• [What to work on]
Output the data below exactly as it is, dropping the pictures from your copy.

• [Given information]
+ + + + +

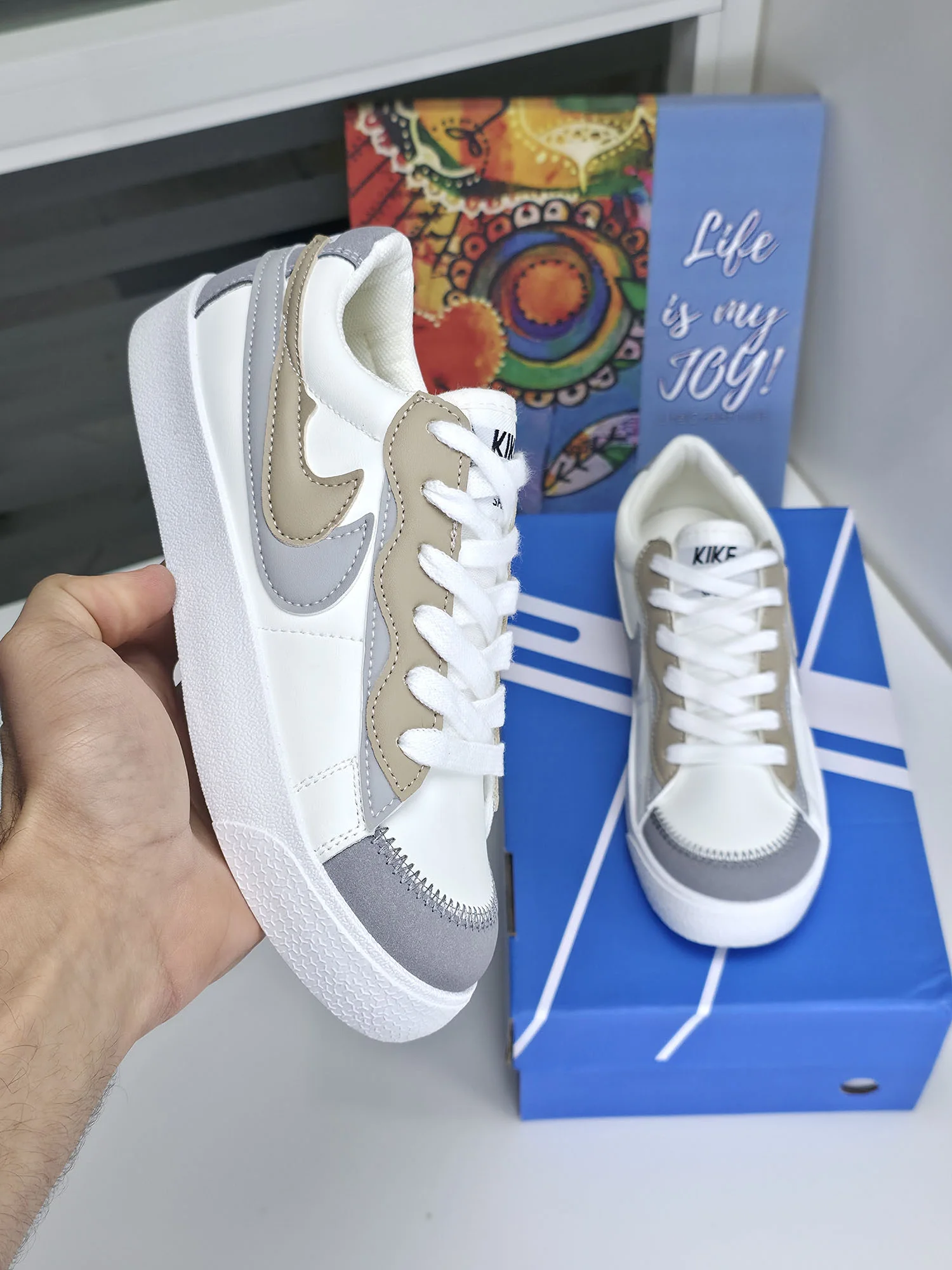 Baskets - Blanc/Gris - K10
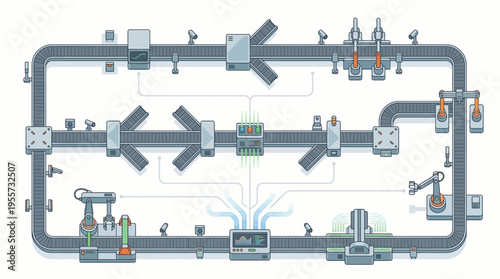 Industrial pipeline system with various machinery.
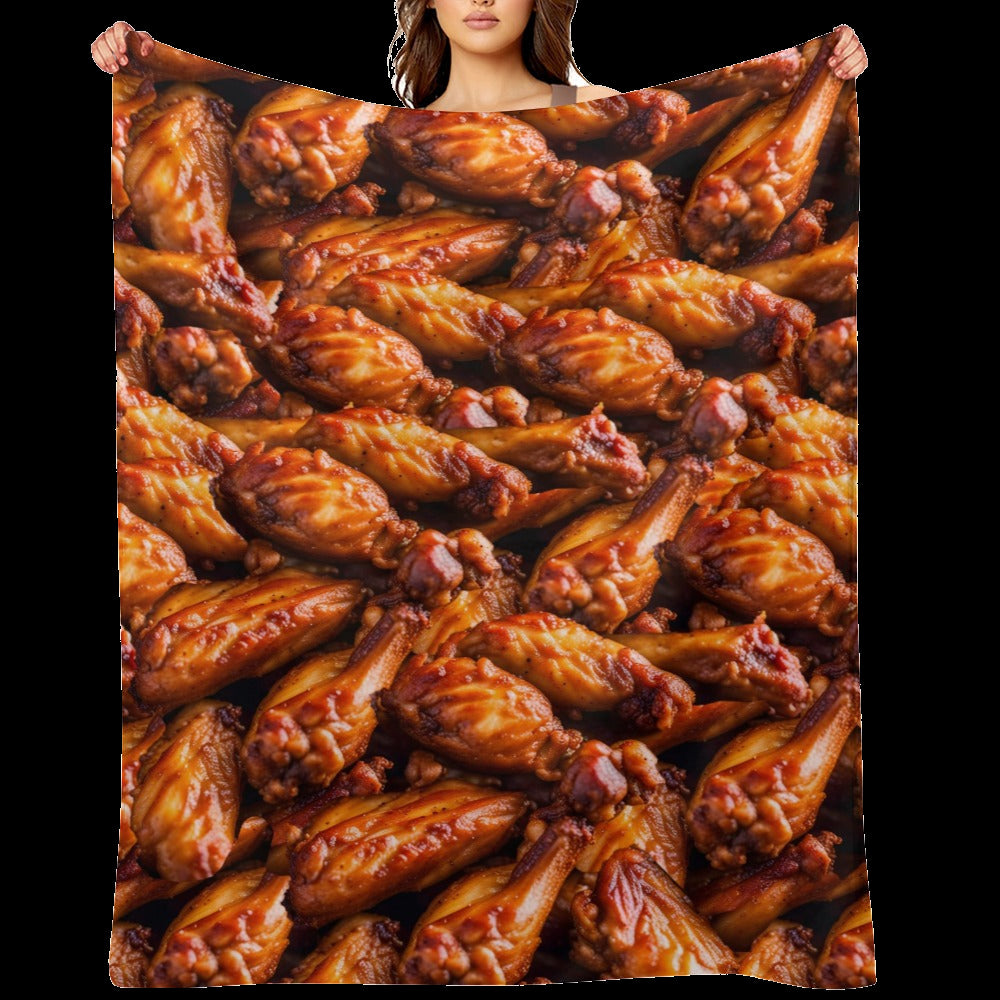 Chicken Wing Throw Blanket - Funny Food Gift Blanket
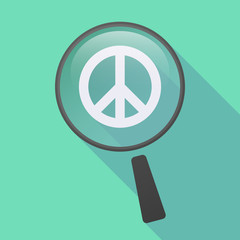 Long shadow magnifier icon with a peace sign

+ + + + +

• [Exercise response]
 Baskets - Blanc/Gris - K10
 Industrial pipeline system with various machinery.
 Chicken Wing Throw Blanket - Funny Food Gift Blanket
 Long shadow magnifier icon with a peace sign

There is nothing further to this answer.